Presidential candidate Donald Trump waged a “tough on crime” campaign and vowed he would “make America safe” by implementing a “Muslim ban.” Soon after his inauguration President Trump followed through on his promise when he signed of Executive Order 13769, which temporarily banned individuals from seven predominantly Muslims countries from entering the United States. His declared goal was to protect Americans from terrorist attacks – and several national polls found that around half of all Americans approved the move.
Although this executive order has changed after repeated legal challenges, it highlights the broad perception held by many Americans that the terrorist threat to United States comes primarily from Muslims. Not only did the election of Donald Trump coincide with a spike of anti-Muslim incidents and hate crimes, the Pew Research Center found that half of all Americans expressed the belief that Muslim citizens are anti-American and more prone to violence and a third believe that Muslims should be subject to greater scrutiny than other groups in the United States.

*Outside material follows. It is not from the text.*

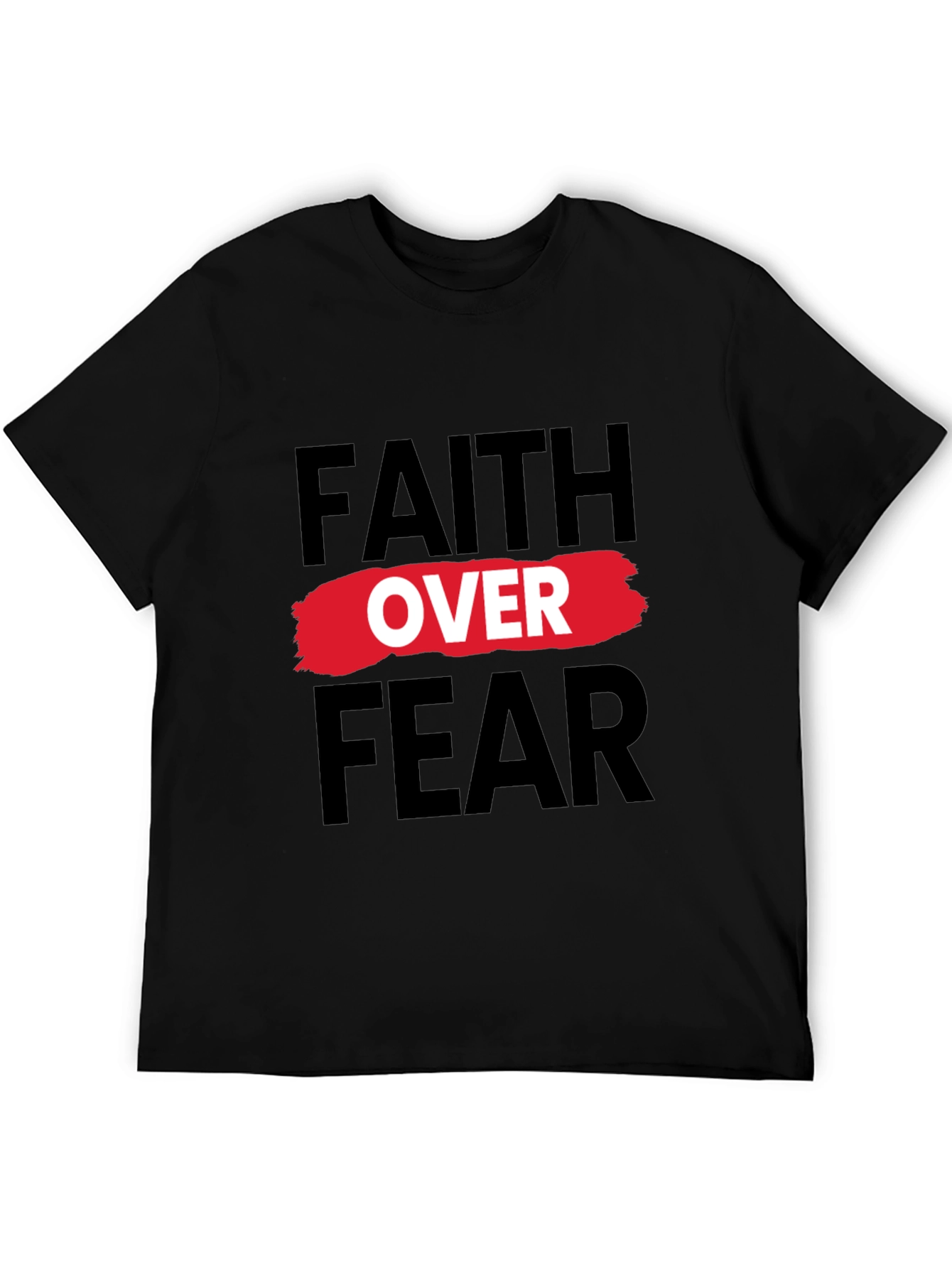 Faith Over Fear T-Shirt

Are such fears justified? Are Muslims the greatest terrorist threat to the United States – and are they more likely to support violence? Will placing more scrutiny on Muslims make the country safer? In an effort to answer such questions, my recent book, Muslims in a Post-9/11 America: A Survey of Attitudes and Beliefs and Their Implications for U.S. National Security Policy, assembles the latest research on U.S. terrorist attacks and government counter terror efforts. My research team and I interviewed nearly 200 Muslims living in the United States and conducted a nationwide survey of over 500 Muslims.